Joe Mauer Strikes Back!

There isn't the right superlative, or set of superlatives to accurately describe the potential (nay, the actual, real time) greatness of Joe Mauer. He catches. He has incredible discipline (plate and life). The nebulously archaic idea of a player's batting average be damned, in his relatively short career he has already won three titles that relate directly in some way, shape, and (or) form to the aforementioned (and oft maligned) statistic. The problem with Joe Mauer isn't his bat though. His bat is fine. His bat is good. It it is positively Wonder Boyian. It is Wonder Boyish (just like his good looks and the way he plays the game). The problem, the real issue, is that Joe Mauer seems to be falling apart.

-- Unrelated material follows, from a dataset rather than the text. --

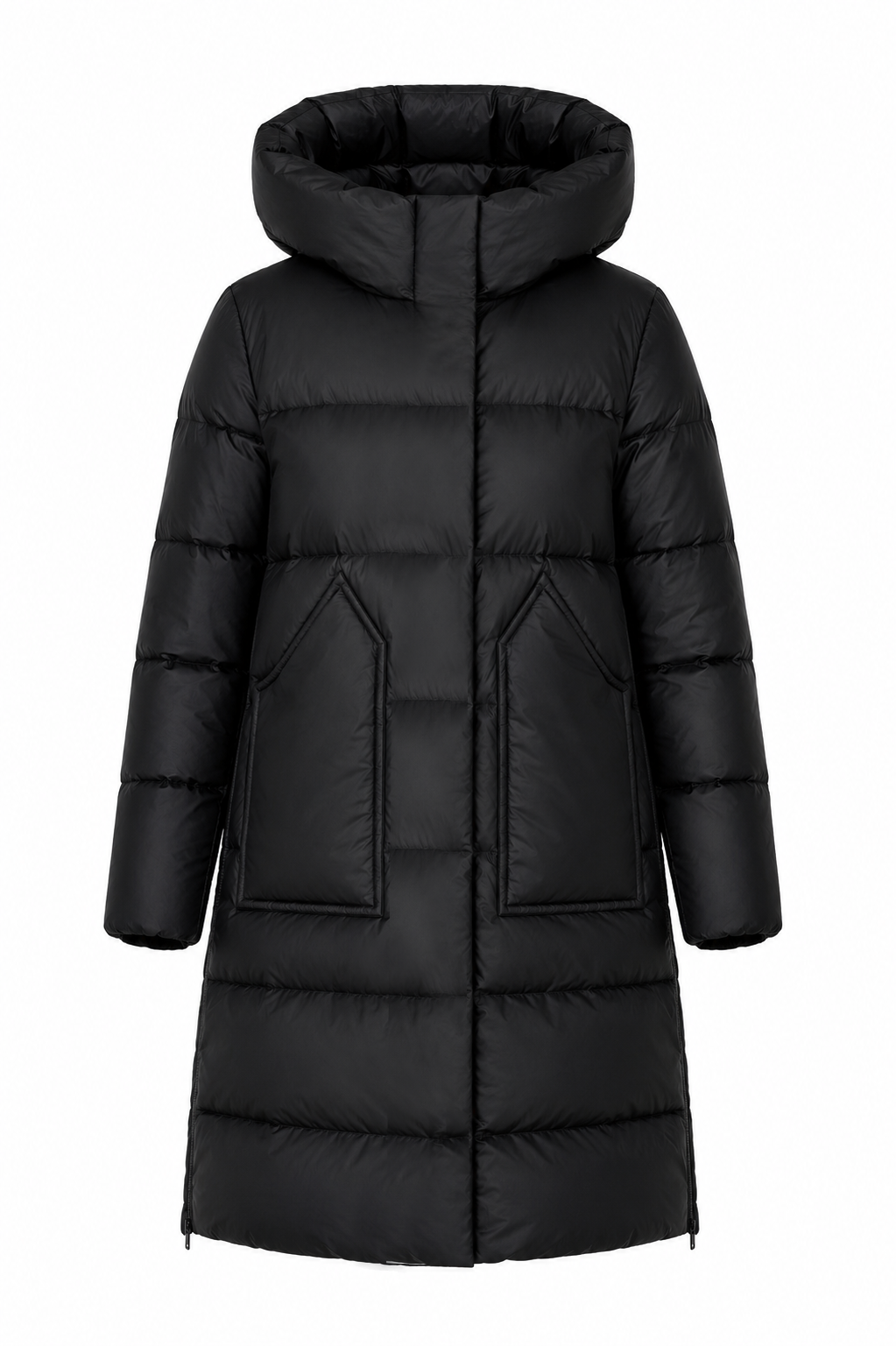 Plumífero largo acolchado negro capucha, detalle capucha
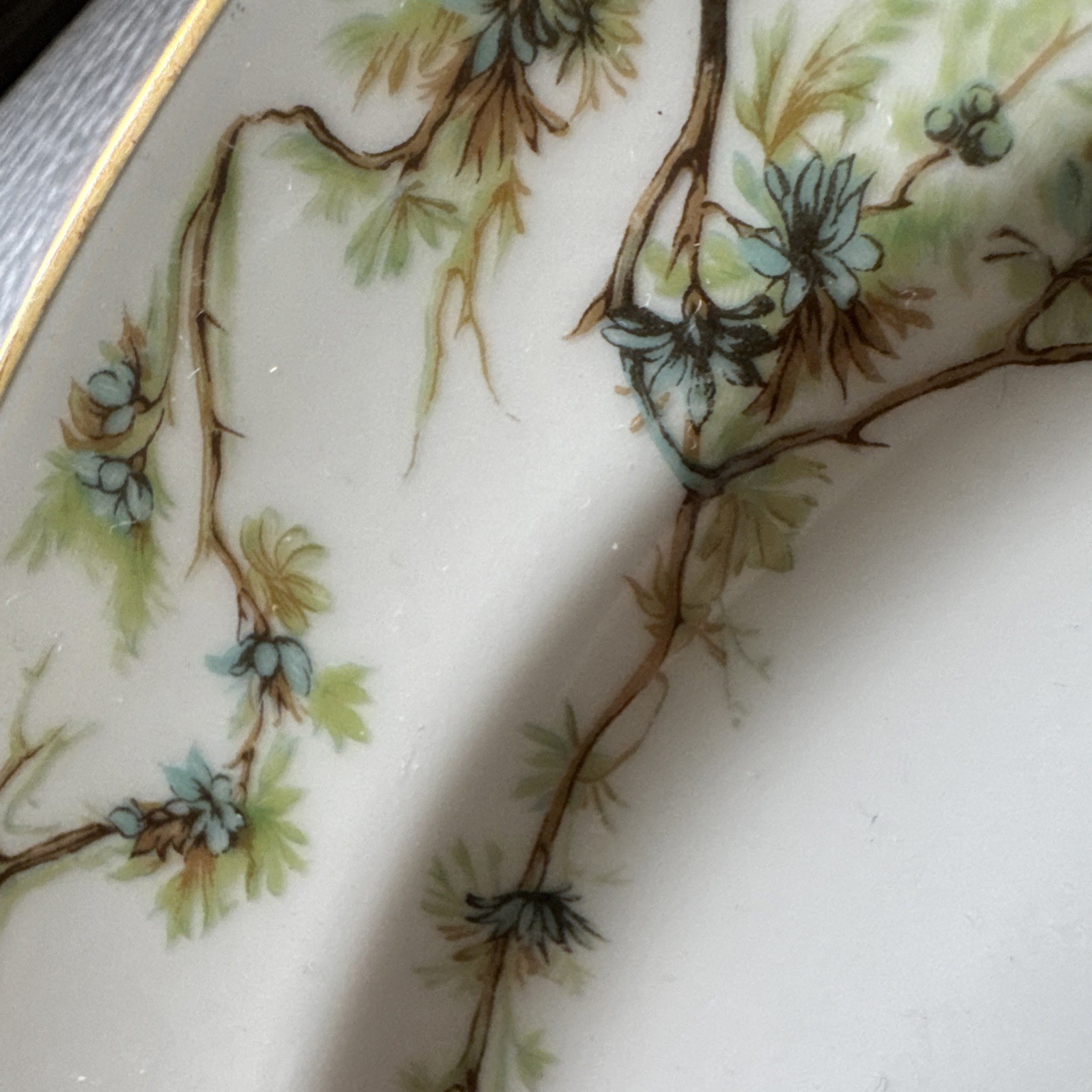 Antique Haviland France 8.5” Porcelain Plate Asymmetrical Pinecone Pattern, #1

Though a tad dated, the following excerpt, from the always excerpt worthy Will Carroll, speaks volumes:


Things continue to be very confusing with Mauer. The Twins let head trainer Rick McWane speak to the press, but he didn't clear anything up. In the same conversation, McWane said that Mauer left spring training "unready to handle catching" and was "feeling the best he had felt." That's a conflict that, unless we assume McWane is setting up a push by the Twins to pry the catcher's mitt off Mauer, doesn't make any sense. It's reasonable that Mauer's lack of work in the spring left him feeling good, but it's less clear why a player with Mauer's experience would think he was ready. Did Mauer push the team to let him start the season? That's one possible explanation that sources I spoke with couldn't shoot down.

"He's a catcher, he says, and the Twins aren't doing anything to convince him otherwise, though I don't think they want to," one insider told me.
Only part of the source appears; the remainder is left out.